1. What Has Become Clear
During the first days at the hermitage, I began to see something very basic—
something I had never truly seen before:
everything exists because of conditions.
A cup of tea is not just tea.
An emotion is not simply “my emotion.”
A heavy morning does not arise on its own.
A moment of irritation does not appear out of nowhere.
I began to see dependent arising in the cup of tea,
in emotions,
in the breath,
in every movement of the mind.
Then, on the seventh day, my teacher opened a very important doorway for me:
The Four Foundations of Mindfulness — Body, Feeling, Mind, Dhamma.
I realized:
• Whether my body is tight or relaxed — I had never truly seen it.
• Whether a feeling is pleasant or unpleasant — I often confused them.
• Whether my mind is bright or dull — I rarely paused to look.
• What dhamma is operating behind everything — I had never known.
The Four Foundations of Mindfulness are not a lesson.
They are a way home,
a way to observe myself in every moment.
I also began to see that naming pulls me away from the truth.
When I don’t name things, everything becomes more alive, closer, more real.
2. What Still Confuses Me
I still have the habit of running away from emotions.
When I’m sad, I want it to disappear.
When I’m worried, I want to understand quickly so I can escape it.
When I’m irritated, I react before I even recognize it.
I’m also not used to “just looking.”
My mind still wants to analyze, fix, and control.
And even though I know the Four Foundations,
I still struggle to distinguish:
• what is body,
• what is feeling,
• what is mind,
• what is dhamma.
Sometimes I see clearly,
and then I lose it again.
3. What I Want to Ask My Teacher
• How can I observe body–feeling–mind–dhamma without mixing them up?
• How can I look at an emotion without inserting the wish “it must go away”?
• How can I observe without analyzing?
• When I stop naming things, I see more deeply — but how do I sustain that in daily life?
• Sometimes I see clearly, then I lose it.

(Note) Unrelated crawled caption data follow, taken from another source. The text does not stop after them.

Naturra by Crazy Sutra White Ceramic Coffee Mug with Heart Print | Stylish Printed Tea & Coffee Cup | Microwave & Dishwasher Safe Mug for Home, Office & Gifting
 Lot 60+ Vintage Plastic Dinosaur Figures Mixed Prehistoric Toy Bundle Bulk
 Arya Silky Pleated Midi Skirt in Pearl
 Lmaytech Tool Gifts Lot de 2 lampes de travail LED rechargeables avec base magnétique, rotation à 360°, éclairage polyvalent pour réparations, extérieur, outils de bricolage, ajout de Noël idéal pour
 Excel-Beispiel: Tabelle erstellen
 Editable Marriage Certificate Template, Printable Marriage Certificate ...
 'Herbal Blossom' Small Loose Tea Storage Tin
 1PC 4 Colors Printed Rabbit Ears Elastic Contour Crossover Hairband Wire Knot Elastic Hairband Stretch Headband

Is that normal?
4. What I Want to Continue Cultivating
I want to return to the Four Foundations in every moment:
• Seeing how the body is.
• Seeing how the feeling is.
• Seeing how the mind is.
• Seeing what dhamma is operating.
I want to recognize emotions the moment they arise,
not after they’ve already carried me away.
I want to pause before reacting,
so I can see clearly what is moving inside me.
I want to live more slowly, breathe more deeply, look more carefully.
5. The Illuminating Sentence
“When I return to body – feeling – mind – dhamma, I return to myself.”